Serial tweeters, worry not: the platform still exists. For now. No public announcement has been made by Twitter (ahem, X Corp.) regarding the change thus far, and we’re not yet sure what the merger means for the social media platform, or whether the shift holds any significance outside of being a shadowy, illuminati-esque corporate move.

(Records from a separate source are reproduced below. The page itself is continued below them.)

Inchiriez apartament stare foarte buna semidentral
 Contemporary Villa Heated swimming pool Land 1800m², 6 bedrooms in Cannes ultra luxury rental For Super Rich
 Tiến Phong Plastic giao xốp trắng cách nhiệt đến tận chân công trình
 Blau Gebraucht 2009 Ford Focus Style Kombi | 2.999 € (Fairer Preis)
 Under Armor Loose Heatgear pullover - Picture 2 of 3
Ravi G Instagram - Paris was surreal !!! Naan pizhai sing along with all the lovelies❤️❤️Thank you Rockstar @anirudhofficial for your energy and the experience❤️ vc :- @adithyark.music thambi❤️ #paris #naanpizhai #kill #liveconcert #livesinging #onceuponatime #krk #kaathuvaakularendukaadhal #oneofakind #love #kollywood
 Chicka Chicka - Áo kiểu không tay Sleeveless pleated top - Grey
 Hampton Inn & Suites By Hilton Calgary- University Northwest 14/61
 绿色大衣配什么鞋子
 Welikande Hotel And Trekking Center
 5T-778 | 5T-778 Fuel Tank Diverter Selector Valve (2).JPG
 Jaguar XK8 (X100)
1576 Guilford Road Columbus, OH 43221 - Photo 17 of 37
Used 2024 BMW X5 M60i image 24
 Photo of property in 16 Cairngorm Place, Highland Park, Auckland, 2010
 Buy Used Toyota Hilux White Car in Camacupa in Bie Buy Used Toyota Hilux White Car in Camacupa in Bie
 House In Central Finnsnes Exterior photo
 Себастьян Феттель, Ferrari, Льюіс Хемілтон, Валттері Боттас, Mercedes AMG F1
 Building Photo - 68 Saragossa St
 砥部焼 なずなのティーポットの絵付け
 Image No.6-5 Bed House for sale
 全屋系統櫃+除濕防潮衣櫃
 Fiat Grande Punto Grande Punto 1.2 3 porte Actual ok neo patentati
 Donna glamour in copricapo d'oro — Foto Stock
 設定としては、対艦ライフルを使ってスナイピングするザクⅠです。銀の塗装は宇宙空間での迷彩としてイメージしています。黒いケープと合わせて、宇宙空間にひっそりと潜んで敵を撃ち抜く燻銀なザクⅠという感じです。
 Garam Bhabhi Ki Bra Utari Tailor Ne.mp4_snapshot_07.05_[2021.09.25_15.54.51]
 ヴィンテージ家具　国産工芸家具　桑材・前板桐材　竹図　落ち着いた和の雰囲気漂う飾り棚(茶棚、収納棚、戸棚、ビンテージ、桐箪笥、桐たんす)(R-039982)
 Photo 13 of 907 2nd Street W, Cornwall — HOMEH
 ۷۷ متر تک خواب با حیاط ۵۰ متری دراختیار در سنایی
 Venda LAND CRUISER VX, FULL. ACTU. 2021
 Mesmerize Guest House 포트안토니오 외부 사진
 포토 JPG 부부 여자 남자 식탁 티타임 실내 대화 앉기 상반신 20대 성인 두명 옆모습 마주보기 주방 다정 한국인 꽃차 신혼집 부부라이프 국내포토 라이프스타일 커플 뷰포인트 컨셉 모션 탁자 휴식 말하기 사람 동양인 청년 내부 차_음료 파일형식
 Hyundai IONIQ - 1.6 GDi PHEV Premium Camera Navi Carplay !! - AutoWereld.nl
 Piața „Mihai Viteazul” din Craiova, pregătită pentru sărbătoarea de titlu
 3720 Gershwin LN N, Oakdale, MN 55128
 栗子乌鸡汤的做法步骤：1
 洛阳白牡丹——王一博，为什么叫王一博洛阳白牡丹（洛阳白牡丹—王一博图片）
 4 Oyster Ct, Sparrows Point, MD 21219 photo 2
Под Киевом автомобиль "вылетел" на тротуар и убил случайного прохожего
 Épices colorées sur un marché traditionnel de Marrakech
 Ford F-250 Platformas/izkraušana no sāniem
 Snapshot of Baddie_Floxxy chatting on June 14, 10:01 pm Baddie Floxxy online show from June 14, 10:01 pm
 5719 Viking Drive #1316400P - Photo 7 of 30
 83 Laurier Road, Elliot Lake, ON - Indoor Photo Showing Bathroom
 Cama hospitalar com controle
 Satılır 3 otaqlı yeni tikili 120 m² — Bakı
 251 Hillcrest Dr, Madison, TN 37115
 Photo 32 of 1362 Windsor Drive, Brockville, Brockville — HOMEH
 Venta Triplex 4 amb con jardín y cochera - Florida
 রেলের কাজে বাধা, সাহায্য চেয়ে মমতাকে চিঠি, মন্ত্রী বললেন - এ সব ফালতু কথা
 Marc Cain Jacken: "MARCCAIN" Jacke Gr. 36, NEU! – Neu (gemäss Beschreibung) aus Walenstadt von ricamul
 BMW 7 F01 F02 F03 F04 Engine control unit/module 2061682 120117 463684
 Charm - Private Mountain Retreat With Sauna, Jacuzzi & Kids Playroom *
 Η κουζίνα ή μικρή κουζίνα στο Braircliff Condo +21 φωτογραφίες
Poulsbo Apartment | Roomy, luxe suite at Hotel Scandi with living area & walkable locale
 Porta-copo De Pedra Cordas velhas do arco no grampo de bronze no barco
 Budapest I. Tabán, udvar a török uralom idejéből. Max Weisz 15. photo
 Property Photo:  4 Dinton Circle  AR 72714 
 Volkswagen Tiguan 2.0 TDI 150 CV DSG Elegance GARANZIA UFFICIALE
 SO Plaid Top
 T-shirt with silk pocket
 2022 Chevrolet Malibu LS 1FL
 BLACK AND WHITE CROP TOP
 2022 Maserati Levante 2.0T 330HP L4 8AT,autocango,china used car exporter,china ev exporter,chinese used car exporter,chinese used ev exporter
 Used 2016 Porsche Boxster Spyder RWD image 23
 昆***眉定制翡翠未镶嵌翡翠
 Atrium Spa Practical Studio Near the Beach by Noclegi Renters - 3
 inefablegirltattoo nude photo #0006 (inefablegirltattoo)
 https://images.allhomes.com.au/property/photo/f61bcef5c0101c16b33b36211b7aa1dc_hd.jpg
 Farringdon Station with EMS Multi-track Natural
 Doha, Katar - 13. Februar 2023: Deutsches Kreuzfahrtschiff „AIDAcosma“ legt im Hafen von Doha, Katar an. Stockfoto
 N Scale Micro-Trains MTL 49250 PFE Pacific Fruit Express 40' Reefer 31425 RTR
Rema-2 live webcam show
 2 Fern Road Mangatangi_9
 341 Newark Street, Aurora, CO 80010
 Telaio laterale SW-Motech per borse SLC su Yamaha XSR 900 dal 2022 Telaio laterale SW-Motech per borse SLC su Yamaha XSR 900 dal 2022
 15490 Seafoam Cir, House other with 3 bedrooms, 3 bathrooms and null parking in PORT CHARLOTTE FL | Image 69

When Elon Musk acquired USD$44 billion for Twitter last October, he expressed a desire to turn Twitter into an “everything app.” This concept isn’t foreign to Chinese social networking apps like WeChat, where various functions from messaging to digital payment to multimedia are centralised into one “super app.” The problems inherent in a centralised “super app” magnify ongoing concerns about big tech monopolies, not to mention Twitter’s ongoing (ahem, X Corp.’s) swathe of litigation which includes former employees suing for violation of labour laws; the company suing the Indian government — its 3rd-largest user base — over censorship concerns; former vendors suing for over USD$14 million in unpaid bills.

Suffice to say, Twitter (X Corp.) isn’t in a great place at the moment. And though we can still tweet to our little hearts’ content, we don’t know whether the platform as we know it will be around for much longer. Will we soon see the blue bird become an X? Only time will tell.